Billed as “theatre for the Tik-Tok generation”, Scenes From the Climate Era has something worthwhile to offer – even for those without a limited Gen-Z attention span.
Ask anyone of my generation what their most significant concerns are, and they’ll likely cite the unaffordability of housing and climate change. Climate change is that big picture existential concern, which makes even housing affordability appear frivolous in comparison. Scenes From the Climate Era asks us to operate in the past, the present, and the future, reflect on why we are in this position, how it is affecting us, and to imagine a future not involving ourselves, but generations of Sydneysiders.
Scenes From the Climate Era is a dark existential comedy encompassing the past, present and future of climate change in Australia. A cast of five actors portray dozens of characters respectively in 50 separate small plays, each lasting on average for around 1 minute 30 seconds. The script by David Finnigan is excellent, swaying between being philosophical wry, hilarious, and tragic.
Despite the fragmented nature of different characters in different times there is a uniform experience, making explicit reference to the stages of climate grief. Here, as time goes on and the effects of climate change become more consequently tangible, characters move through a distinct grieving process. It is a finely drawn piece, casting bare the likely catastrophic effects of climate change on Sydney. And yet with an acceptance of change, a degree of peace finally settles upon humanity.
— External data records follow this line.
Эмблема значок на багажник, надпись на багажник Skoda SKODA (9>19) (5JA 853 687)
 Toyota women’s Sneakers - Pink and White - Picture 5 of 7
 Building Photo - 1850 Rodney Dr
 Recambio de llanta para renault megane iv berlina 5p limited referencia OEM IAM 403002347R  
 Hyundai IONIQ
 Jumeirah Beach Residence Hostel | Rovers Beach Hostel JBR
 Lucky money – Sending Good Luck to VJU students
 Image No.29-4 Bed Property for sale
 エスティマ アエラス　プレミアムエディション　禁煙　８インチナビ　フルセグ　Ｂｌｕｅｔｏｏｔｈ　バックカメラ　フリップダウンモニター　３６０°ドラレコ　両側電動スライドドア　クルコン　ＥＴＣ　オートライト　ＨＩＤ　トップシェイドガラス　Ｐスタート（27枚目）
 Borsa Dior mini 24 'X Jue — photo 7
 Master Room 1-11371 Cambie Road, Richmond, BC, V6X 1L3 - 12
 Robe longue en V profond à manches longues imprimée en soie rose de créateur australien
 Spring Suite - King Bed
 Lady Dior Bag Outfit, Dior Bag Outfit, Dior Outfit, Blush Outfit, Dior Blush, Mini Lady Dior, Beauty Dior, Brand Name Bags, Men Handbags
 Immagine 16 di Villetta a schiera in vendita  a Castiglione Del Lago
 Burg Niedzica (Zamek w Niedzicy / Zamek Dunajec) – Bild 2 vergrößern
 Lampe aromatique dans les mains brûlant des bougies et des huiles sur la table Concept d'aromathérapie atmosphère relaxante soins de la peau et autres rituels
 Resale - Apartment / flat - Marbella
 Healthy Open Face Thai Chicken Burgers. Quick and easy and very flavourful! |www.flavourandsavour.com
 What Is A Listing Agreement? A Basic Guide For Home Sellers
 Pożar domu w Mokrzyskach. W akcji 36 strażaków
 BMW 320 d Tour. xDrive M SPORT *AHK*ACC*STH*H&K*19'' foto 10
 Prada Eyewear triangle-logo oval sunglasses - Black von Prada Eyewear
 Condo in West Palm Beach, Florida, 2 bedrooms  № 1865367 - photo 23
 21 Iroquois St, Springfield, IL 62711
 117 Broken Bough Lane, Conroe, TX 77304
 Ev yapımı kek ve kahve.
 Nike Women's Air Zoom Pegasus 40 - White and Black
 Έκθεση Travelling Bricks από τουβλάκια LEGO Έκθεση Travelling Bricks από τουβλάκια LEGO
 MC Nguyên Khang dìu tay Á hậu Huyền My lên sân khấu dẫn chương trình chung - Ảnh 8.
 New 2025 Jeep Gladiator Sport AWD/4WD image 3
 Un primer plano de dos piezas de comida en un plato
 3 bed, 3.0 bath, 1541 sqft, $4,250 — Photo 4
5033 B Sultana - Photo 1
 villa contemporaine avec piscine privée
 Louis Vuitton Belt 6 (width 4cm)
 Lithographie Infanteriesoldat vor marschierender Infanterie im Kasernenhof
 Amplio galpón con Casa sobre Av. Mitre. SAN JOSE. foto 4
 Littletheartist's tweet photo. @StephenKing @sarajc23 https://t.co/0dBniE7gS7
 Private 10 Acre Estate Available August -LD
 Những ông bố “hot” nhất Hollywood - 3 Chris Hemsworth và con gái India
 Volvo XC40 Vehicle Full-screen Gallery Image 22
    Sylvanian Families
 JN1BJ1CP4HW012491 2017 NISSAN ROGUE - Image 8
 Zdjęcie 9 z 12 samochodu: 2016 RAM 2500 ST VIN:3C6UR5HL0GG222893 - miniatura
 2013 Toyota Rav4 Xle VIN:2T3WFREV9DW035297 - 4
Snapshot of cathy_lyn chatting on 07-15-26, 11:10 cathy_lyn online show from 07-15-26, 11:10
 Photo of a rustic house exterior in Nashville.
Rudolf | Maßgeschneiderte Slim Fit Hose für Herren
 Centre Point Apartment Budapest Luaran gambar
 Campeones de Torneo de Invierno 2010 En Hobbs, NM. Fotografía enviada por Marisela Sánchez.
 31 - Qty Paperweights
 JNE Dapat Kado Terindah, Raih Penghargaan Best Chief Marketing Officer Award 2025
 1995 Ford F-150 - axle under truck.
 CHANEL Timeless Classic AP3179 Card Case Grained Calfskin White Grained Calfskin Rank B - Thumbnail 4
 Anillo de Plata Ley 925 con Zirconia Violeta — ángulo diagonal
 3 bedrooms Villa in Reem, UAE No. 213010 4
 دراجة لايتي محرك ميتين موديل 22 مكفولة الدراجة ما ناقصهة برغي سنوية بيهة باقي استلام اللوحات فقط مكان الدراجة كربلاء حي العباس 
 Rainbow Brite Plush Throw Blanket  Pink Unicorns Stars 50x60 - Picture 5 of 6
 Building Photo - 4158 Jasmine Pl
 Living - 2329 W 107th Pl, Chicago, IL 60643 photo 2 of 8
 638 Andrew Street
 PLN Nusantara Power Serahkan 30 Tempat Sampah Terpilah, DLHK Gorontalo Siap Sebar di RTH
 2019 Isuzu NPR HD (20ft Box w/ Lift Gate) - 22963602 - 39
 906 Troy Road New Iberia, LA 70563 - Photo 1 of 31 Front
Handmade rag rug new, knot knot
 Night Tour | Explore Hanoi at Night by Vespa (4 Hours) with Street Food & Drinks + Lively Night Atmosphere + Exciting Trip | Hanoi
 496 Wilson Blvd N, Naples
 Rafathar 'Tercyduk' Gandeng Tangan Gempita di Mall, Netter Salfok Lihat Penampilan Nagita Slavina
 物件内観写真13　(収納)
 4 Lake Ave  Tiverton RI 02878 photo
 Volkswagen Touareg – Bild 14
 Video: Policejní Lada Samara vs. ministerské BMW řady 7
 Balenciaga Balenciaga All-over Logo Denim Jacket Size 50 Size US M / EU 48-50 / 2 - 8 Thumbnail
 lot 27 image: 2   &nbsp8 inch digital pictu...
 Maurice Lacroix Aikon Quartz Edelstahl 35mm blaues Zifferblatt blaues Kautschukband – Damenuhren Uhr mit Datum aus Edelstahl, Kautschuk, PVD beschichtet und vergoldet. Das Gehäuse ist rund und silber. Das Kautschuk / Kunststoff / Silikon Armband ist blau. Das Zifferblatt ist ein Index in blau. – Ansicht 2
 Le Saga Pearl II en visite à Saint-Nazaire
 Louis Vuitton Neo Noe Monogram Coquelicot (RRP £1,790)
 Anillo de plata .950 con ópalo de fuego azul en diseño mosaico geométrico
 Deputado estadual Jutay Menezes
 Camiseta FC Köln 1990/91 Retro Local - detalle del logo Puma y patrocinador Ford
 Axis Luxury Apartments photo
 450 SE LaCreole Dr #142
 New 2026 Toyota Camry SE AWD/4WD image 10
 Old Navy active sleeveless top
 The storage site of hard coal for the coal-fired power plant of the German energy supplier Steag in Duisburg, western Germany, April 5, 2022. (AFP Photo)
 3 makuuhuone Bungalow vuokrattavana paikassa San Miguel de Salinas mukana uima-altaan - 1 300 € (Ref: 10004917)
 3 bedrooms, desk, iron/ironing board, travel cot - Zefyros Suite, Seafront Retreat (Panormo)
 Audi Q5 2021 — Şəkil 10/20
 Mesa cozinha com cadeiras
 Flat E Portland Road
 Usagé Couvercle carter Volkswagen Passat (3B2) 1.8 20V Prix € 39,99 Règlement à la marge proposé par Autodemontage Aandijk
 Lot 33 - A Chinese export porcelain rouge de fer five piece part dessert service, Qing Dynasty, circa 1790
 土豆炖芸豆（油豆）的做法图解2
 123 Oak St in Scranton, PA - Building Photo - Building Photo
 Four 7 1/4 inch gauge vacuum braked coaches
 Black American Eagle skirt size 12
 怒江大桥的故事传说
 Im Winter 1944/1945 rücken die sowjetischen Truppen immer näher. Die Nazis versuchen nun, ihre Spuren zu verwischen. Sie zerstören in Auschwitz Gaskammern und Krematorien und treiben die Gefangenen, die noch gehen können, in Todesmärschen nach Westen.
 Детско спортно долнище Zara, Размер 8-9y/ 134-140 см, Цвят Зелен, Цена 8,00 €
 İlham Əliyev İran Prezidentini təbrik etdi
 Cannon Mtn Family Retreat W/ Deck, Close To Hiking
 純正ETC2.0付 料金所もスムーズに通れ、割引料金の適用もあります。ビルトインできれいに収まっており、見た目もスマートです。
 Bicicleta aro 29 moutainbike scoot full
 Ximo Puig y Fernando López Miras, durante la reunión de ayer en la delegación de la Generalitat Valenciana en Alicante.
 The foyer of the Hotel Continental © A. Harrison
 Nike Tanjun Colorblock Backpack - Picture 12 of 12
The displayed stages of grieving are refreshing; they enliven different understandings which are inaccessible to us, making Scenes From the Climate Era a play with heartfelt humanity and authenticity.
The stage was beautifully pared back using strategic lighting and a few select props (Nick Schlieper).This allowed the audience to focus in on the characters and their stories to great effect. It was well cast, with heavy demands to perform so many characters in a short 80-minute play. Particular note ought to be given to Harriet Gordon-Anderson and Charles Wu, who provided excellent depth and breadth to their character performances, but every actor felt alive in each of their characters – crucial when their character is only active for 90 seconds. Also, kudos to the cast for their nightclub scene. Rarely have I seen such a convincing dance sequence in theatre!
Take it from a Gen-Zer – a play for the Tik-Tok generation, even with the serious subject matter, had the potential to come off as superficial and cheap. Thanks to the wonderful directorship of Carissa Licciardello and sharp writing of David Finnigan, Scenes From the Climate Era harnessed the best of my short attention span and was able to draw out a truth that a more typical play would have struggled to tell.